Calling in the big guns
10/14/2021, 6 p.m.
Terry McAuliffe is bringing in the big guns.
In the next few days, former President Obama, First Lady Jill Biden, Atlanta Mayor Keisha Lance Bottoms and former Georgia gubernatorial candidate Stacey Abrams will be mostly in the Richmond area and Hampton Roads stumping for Mr. McAuliffe.
The Democratic gubernatorial candidate is leaving nothing to chance in his bid for a second term as Virginia’s chief executive.
Mr. McAuliffe needs all the high-powered, high-profile help he can get to muster voter turnout by Nov. 2 in what has become a stiff race against GOP candidate Glenn Youngkin, a “Trump wannabe,” as Mr. McAuliffe aptly describes him.
The stakes are high in this election, with Virginia’s future direction teetering in the balance. Will we have four more years of progress in education, health care, voting rights, women’s rights, criminal justice reform and racial equity under a new McAuliffe administration, or will we be taken backward by a Youngkin administration?
Mr. Youngkin already is playing fast and loose with our health, saying he supports COVID-19 vaccines but is against vaccination and mask mandates. How can our schools, our community and our people, who have been disproportionately hit by the pandemic, ever hope to recover if the next governor isn’t invested in the scientifically proven methods to stem the virus?
Ms. Abrams, a national leader in the fight against voter suppression, and Mayor Bottoms are inspiring orators who can energize voters when they speak to congregations this Sunday in Norfolk and Richmond. We believe they can mobilize “souls to the polls,” which will be critical for a McAuliffe victory.
Turnout will not only impact who the next governor, lieutenant governor and attorney general are, but will determine whether Democrats maintain control of the legislative branch of our state government — the Virginia General Assembly.

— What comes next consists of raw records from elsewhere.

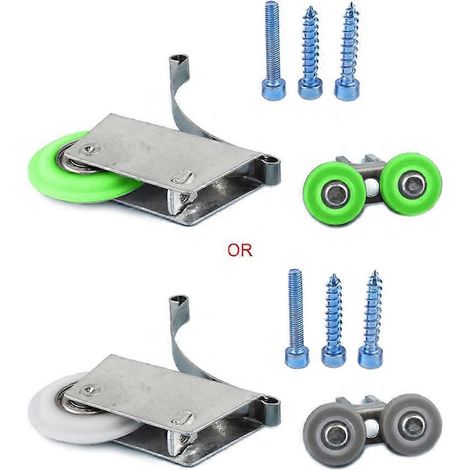 Roulettes pour portes coulissantes compatibles avec armoires, roulettes silencieuses en métal pour portes et fenêtres coulissantes à roulement à billes (1/5)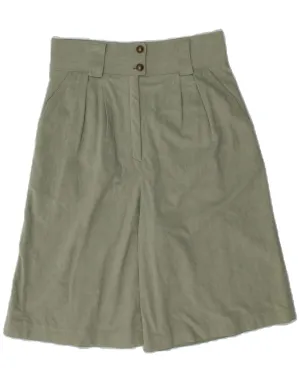 VINTAGE Womens High Waist Pegged Bermuda Shorts IT 44 Medium W28  Green Multi Pocket Design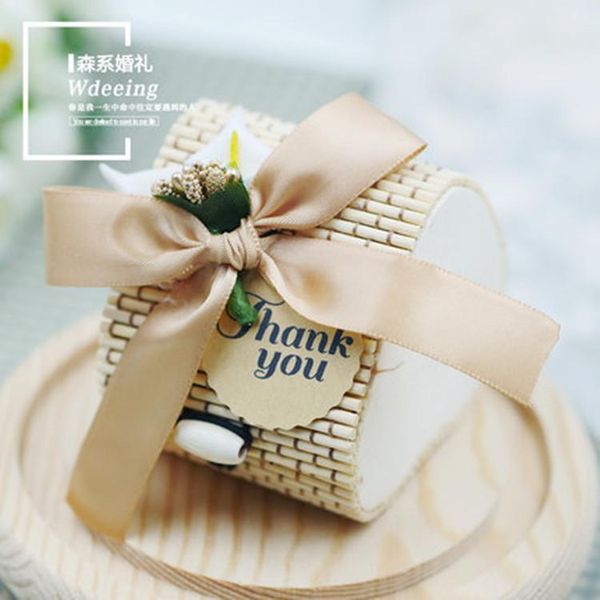 

gift wrap 240 x personalized creative heart-shaped shape bamboo wedding favors candy boxes party box with bowknot & tag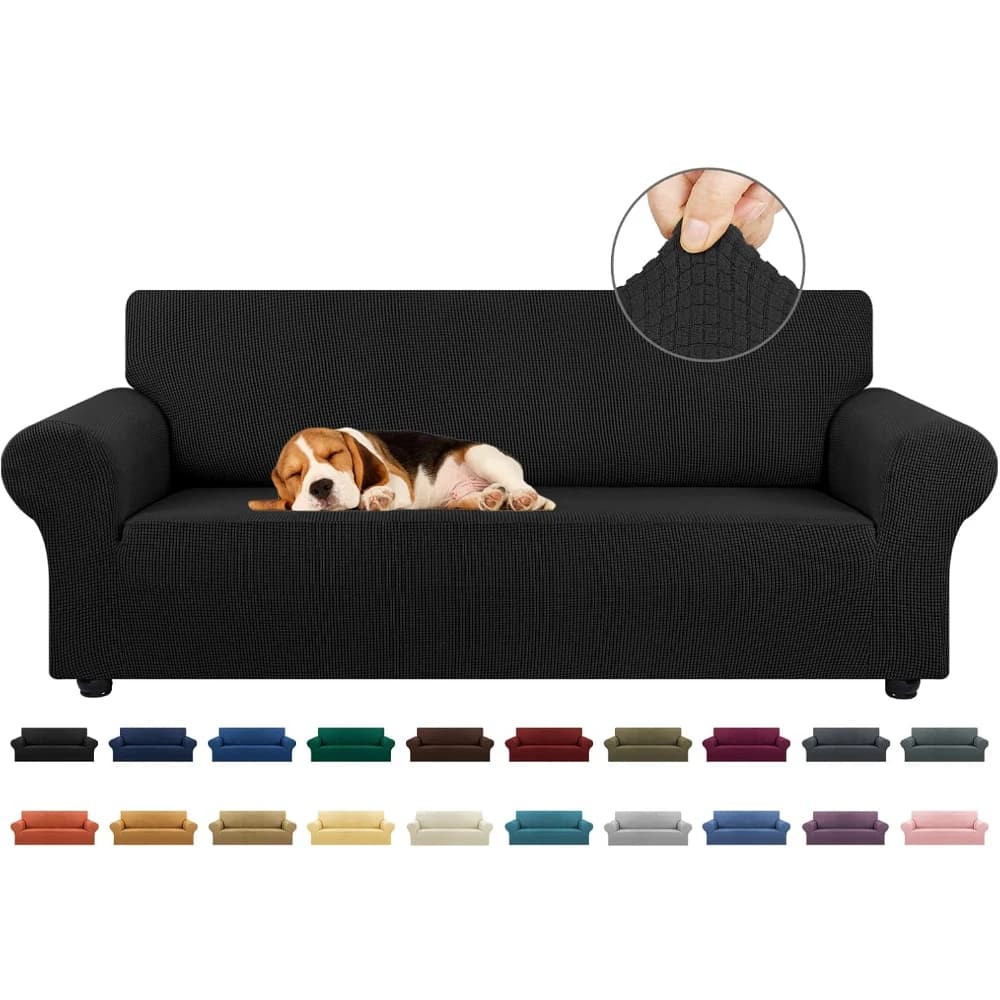 Spandex Fabric Small Checks Loveseat Slipcover Sofa Cover Furniture Protector Couch Soft with Elastic Bottom for Kids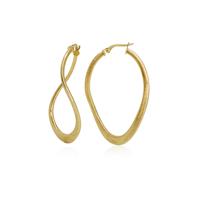 עגילי חישוק מיוחדים לערב|עגילי זהב מט מחוספס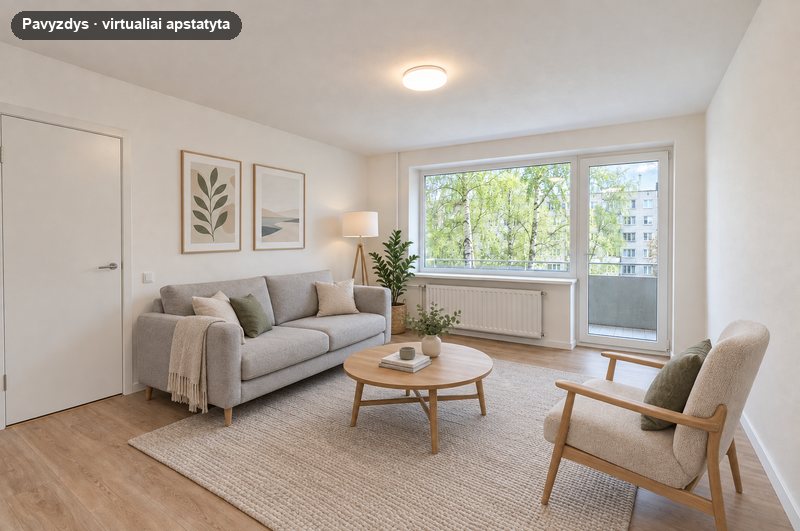 Tas pats kambarys, virtualiai apstatytas: sofa, apvalus kavos staliukas, fotelis ir kilimas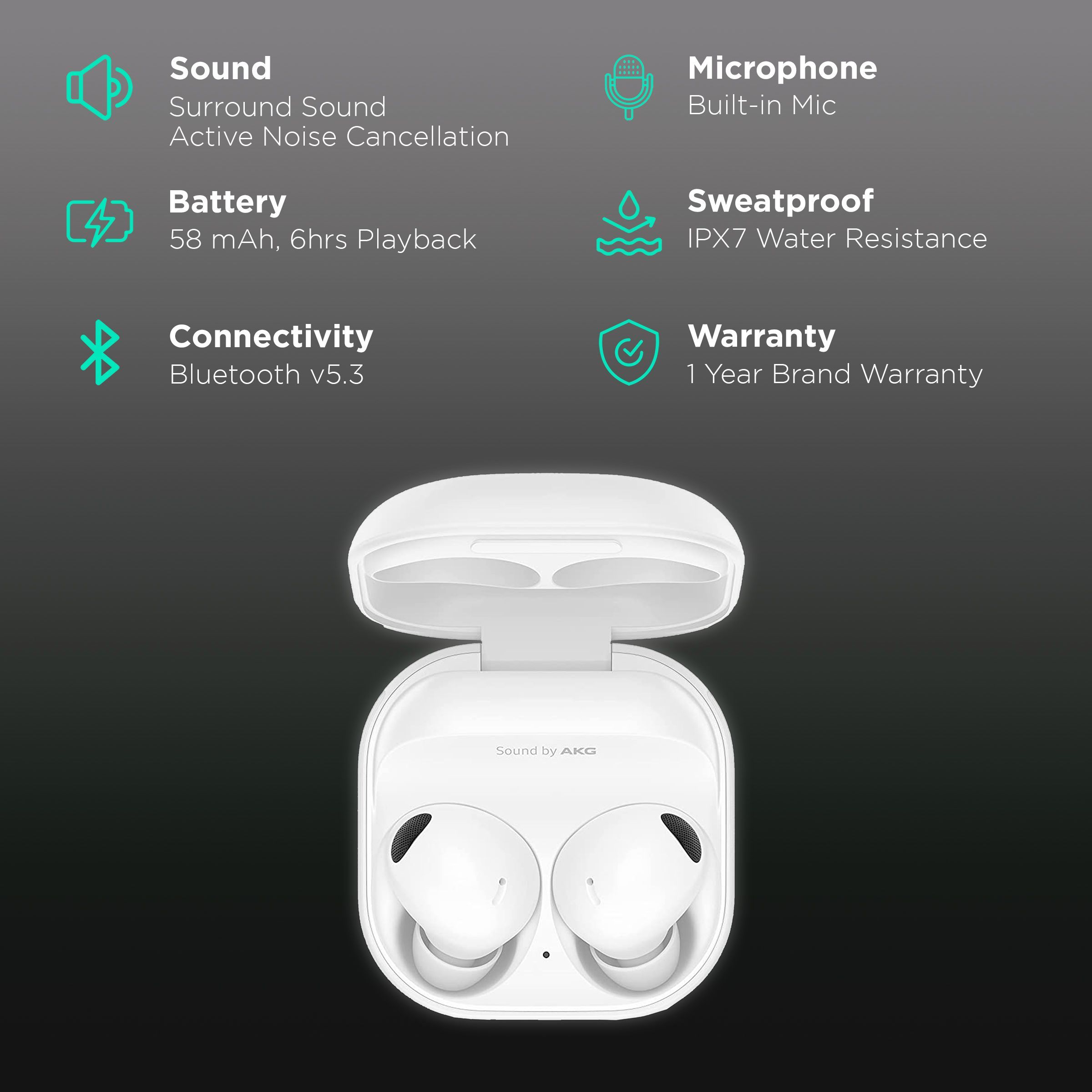SAMSUNG Galaxy Buds2 Pro In-Ear Active Noise Cancellation Truly Wireless Earbuds with Mic (Bluetooth 5.3, IPX7 Water Resistance, R510N, White)_2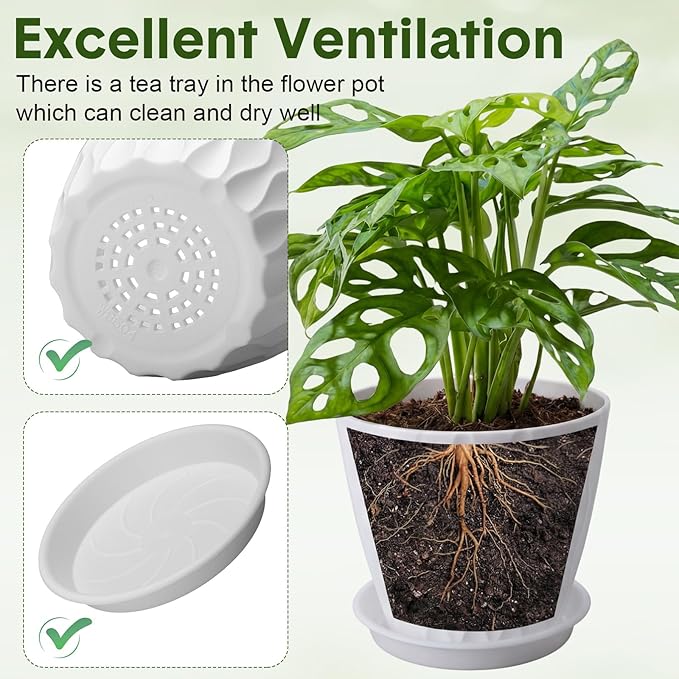 48 Pack 4 Inch Plant Pots Bulk Small Pots for Succulents Waffle Texture Plastic Planter with Drainage Holes and Saucers for Indoor Outdoor Plants Flowers, Seedlings (White)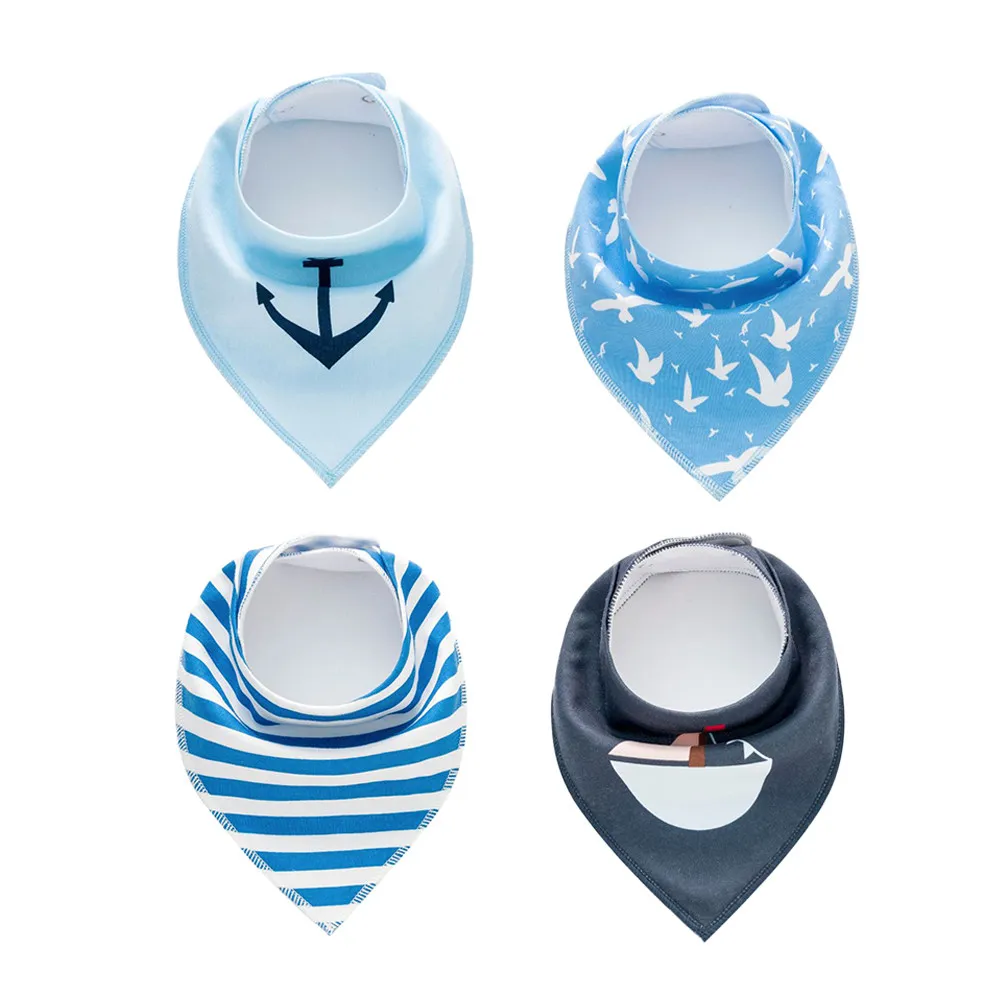 

4pcs Baby Triangle Water Towels Bibs Cotton Bibs Towels Feeding Bibs for Newborn Baby (13 Anchor Pattern)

Richmond voters also will decide whether the planned $565 million South Richmond casino project by Urban One will be a go. That race also is neck and neck, according to the polls, with turnout deciding whether Richmond will have its own large casino and resort, or whether city dwellers will have to drive to Norfolk, Portsmouth, Danville and/or Bristol to gamble. Those four cities have gotten a jumpstart, with voters there already approving casinos in referendums last November.
U.S. Sen. Tim Kaine, a Richmond resident, publicly acknowl- edged that he voted against the casino in early voting. But he also stated late last week that his own household is divided on the issue. He said his wife, Anne B. Holton, a former Richmond judge, former state secretary of education and former interim president of George Mason University, voted for the Richmond casino for the jobs and development it would bring.
Certainly, big guns are needed for progress.